Our hero, Klaymen, wakes up alone in a deserted world, and must solve puzzles and brave strange dangers to discover what happened to this abandoned paradise. It's cool and weird and wonderful, with a colorful world (not as empty as it seems!), characters that sear themselves into your brain-engrams, and a story that goes eight miles deep. And if there's one reason why it's my favorite game of all time, I'd have to lean on my previous post to explain it. There's love and passion and one-of-a-kind creativity pressed into every clay thumbprint. It is unique, irreplaceable, a point-and-click platypus: accept no substitutes, because there aren't any.
Sadly, The Neverhood didn't sell well. It's long out of print now, and so old that most computers can't even run it. EA have been sitting on the rights for fifteen years, stoically disinclined to either sell them or develop a new game.
Then came Kickstarter.
And then came Armikrog.
"What's this?" said I, when it first hit my radar. "Doug TenNapel, storied creator of The Neverhood and Earthworm Jim, is making a new game? And he needs my help to do it?! Quickly, kitten - dredge the couch for quarters!"
Let me tell you, friends - I salivated over the Kickstarter page. I pored over every pencil sketch. I watched this trailer too many times to count.
I have not pledged to this project.
Y'know, a lot has changed since The Neverhood came out in 1996. What I know now, and what I couldn't have known then, is that Doug TenNapel is not only a brilliant, fantastically talented artist, but also a person with personal views I find appalling, and - here's the crux - a penchant for shouting those views from the e-rooftops. MostlyRetro covers the specifics pretty well, but the AV Club's also done an excellent writeup. Short story: while I would never advocate actively silencing him, I can't buy from this guy anymore.
"But Tex!" the kid in me says. "It's not like he's the man in charge - he's just the designer the studio hired! And what about all those other perfectly nice wonderful people the studio ALSO hired? When you go to a movie, do you think not a single one of those million and five people in the credits gives money to causes you find objectionable? Come on, it's not like he's the CEO of a huge multinational corporation - any money he donates to Fear the Queers Inc. because of this project is going to be negligible at most. And if you don't use your dollars to help prove that there's still a market for great games like these, how will they ever get made?"
My inner child can be a real punk sometimes. Moreover, the super-annoying thing about being an adult is that you're old enough not only to know what's bad for you - cookies, all-nighters, methamphetamines - but also to have acquired some idea of what's bad for other people. The alternative is saying, "don't worry, cherished friends and neighbors - I stand by you and support your fight for equality. Except when I really want a new video game. Or a fried chicken sandwich." (And no matter which side of that fence you're on, I think we can all agree that selling your principles for a toy is poor form indeed.)

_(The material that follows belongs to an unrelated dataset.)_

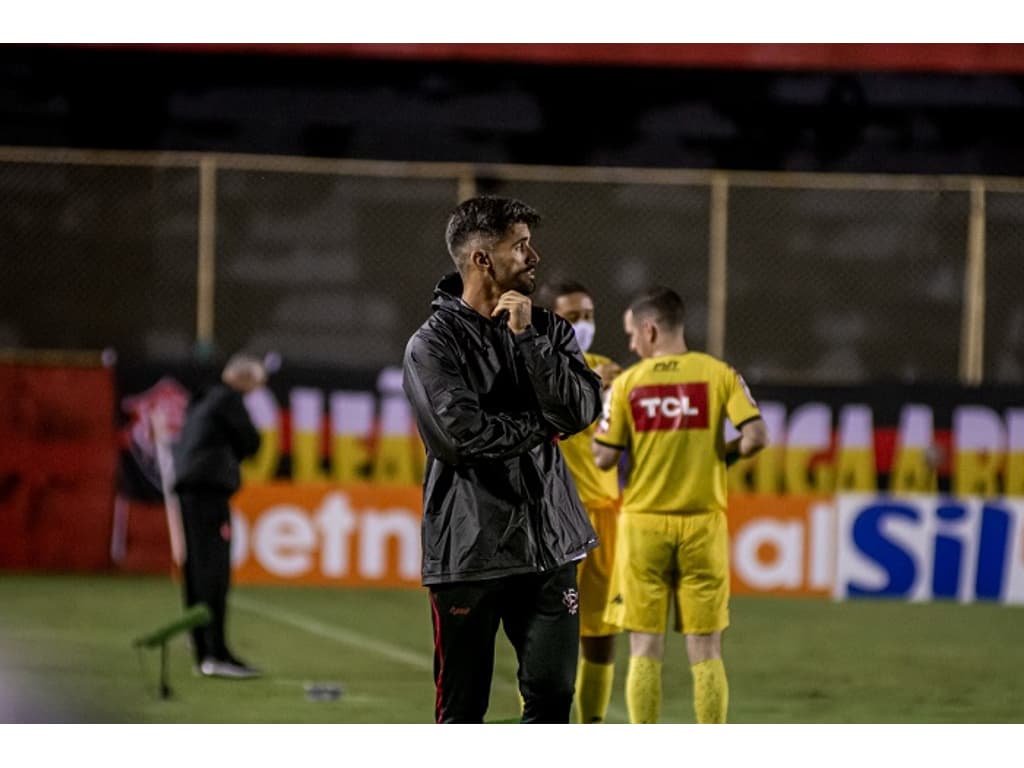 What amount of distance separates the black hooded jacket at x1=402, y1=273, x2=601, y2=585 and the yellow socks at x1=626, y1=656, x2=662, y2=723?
2.09m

"Wow, Tex," you may be saying to yourself at this point, "this sure is a long-ass post for what basically amounts to patting yourself on the back. And if you're so sure this guy doesn't deserve funding or a platform, why have you just spent 500 words showcasing his game?"
Well, three reasons:
1. Armikrog and The Neverhood ARE interesting and special, and the more people are exposed to them, the more readily they can seek out and support projects LIKE these from people who aren't TenNapel.

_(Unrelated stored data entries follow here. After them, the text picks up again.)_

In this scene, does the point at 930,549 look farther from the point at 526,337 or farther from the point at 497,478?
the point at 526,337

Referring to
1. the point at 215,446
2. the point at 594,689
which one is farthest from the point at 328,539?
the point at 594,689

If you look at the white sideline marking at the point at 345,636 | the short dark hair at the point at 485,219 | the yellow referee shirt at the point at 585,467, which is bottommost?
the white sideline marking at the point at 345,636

2. There are worthy conversations to be had, especially in this community, about separating art from artist and how the Internet has changed our ability to keep our idols safely up on their pedestals where we can't hear them.

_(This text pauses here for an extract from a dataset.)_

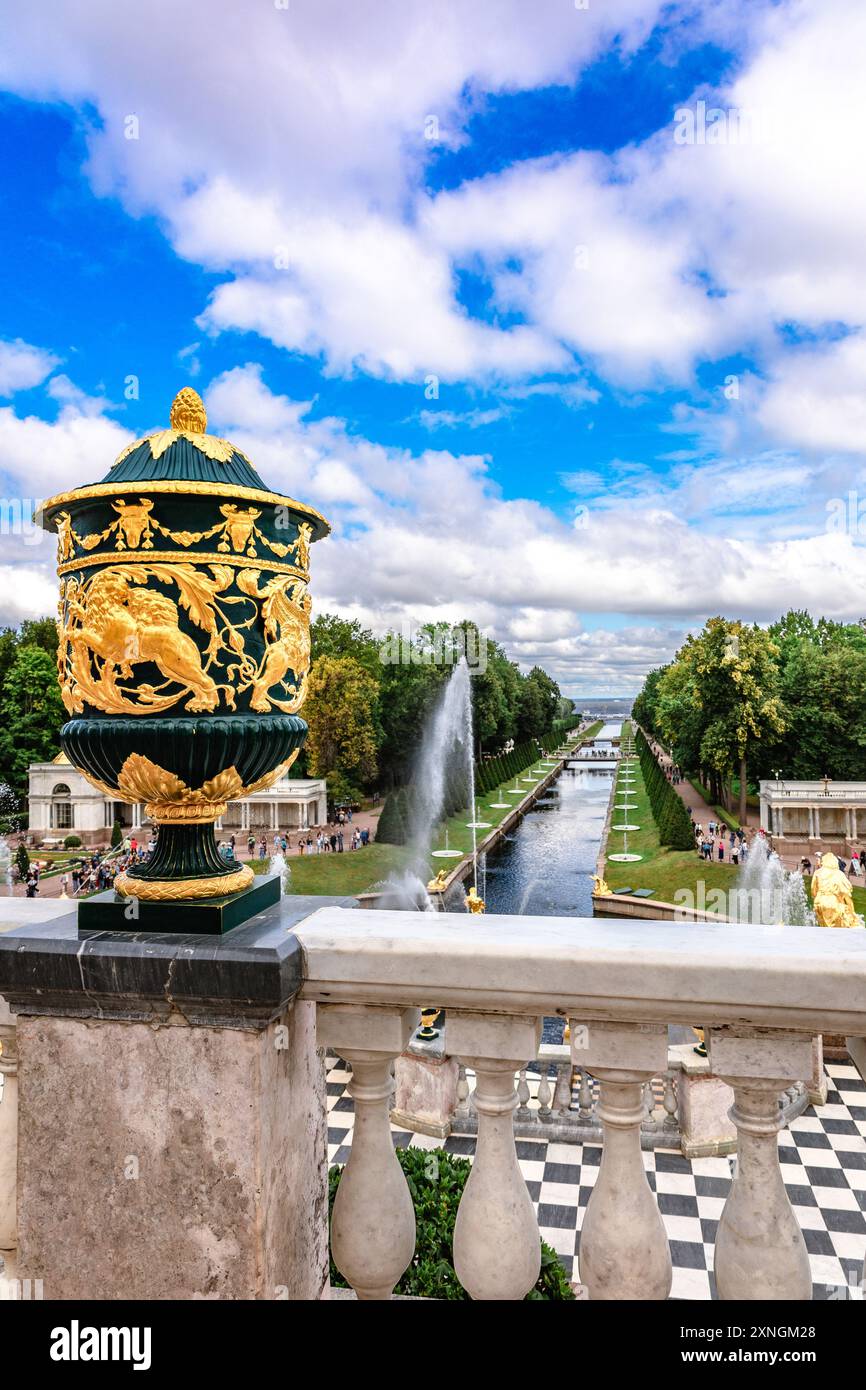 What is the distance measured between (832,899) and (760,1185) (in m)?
10.7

and 3. If you choose not to support this project, it ought to be because you've made a reasoned decision about it, and not because you never even heard of the damn thing. (For one thing, it's worthy of notice, and for another, it's harder for people to claim censorship and oppression when everybody has seen and discussed the subject and THEN turned away.)
Anyway, the Kickstarter's still got a couple of days left, and I'll be interested to see how it turns out. In the meantime, somebody tell me I'm not alone - when's the last time you regretfully stuffed money back in your wallet?
After many years' journey, Hoborg returned and was ready to build "The Everhood," a neighborhood that would last forever... so long as nothing went wrong.